Army Corps Alters Saylorville Lake Operations in Anticipation of Spring Flooding

Published March 5, 2010

JOHNSTON, Iowa – In preparation for the National Weather Service’s high probability forecast for spring 2010 flooding due to snowmelt and rainfall runoff, the U.S. Army Corps of Engineers has approved a temporary, minor deviation from the authorized Saylorville Lake Regulation Plan.


The deviation, as requested by the City of Des Moines, Iowa, assists in conserving flood storage capacity in the lake.  The deviation permits operating the lake to control for a stage of 26 feet at the S.E. 6th Street gage in Des Moines, an increase of two feet above the authorized control stage of 24 feet.  As conditions permit, the deviation allows higher outflows between March 8 and April 20 to keep the lake at its lowest possible level without causing additional flood damages downstream.


The deviation will increase Lake Red Rock inflows and may impact outflows; however, Lake Red Rock releases will not be increased above the regulated, non-damaging, maximum outflows.  If necessary, maintaining the tandem operation of Saylorville and Red Rock lakes’ pools will supersede the temporary deviation.
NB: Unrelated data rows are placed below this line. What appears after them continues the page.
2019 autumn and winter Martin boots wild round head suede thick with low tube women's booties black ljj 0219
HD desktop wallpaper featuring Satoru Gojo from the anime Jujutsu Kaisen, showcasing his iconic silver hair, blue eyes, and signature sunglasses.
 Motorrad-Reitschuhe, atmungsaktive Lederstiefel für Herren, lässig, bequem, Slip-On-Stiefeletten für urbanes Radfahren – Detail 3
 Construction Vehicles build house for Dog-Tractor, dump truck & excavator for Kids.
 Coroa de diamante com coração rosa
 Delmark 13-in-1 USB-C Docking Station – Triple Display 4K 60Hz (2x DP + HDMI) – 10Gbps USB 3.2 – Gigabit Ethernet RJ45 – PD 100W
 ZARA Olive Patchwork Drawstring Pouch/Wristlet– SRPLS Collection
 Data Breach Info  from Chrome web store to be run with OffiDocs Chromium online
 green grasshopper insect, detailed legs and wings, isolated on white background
Saylorville Lake’s pool elevation is being maintained at the normal conservation pool level of 836 feet.  The conservation pool occupies approximately 11.5 percent of Saylorville Lake's total storage capacity.   The conservation pool consists of approximately 73,600 acre feet of water (23.9 billion U.S. gallons) that must be maintained for authorized project purposes to include providing state-contracted water supply.


Flood storage above the conservation pool to the full 890-foot flood storage pool elevation occupies 88.5 percent of Saylorville Lake’s total storage capacity.  The flood storage pool consists of approximately 567,400 acre feet of water (184.8 billion U.S. gallons).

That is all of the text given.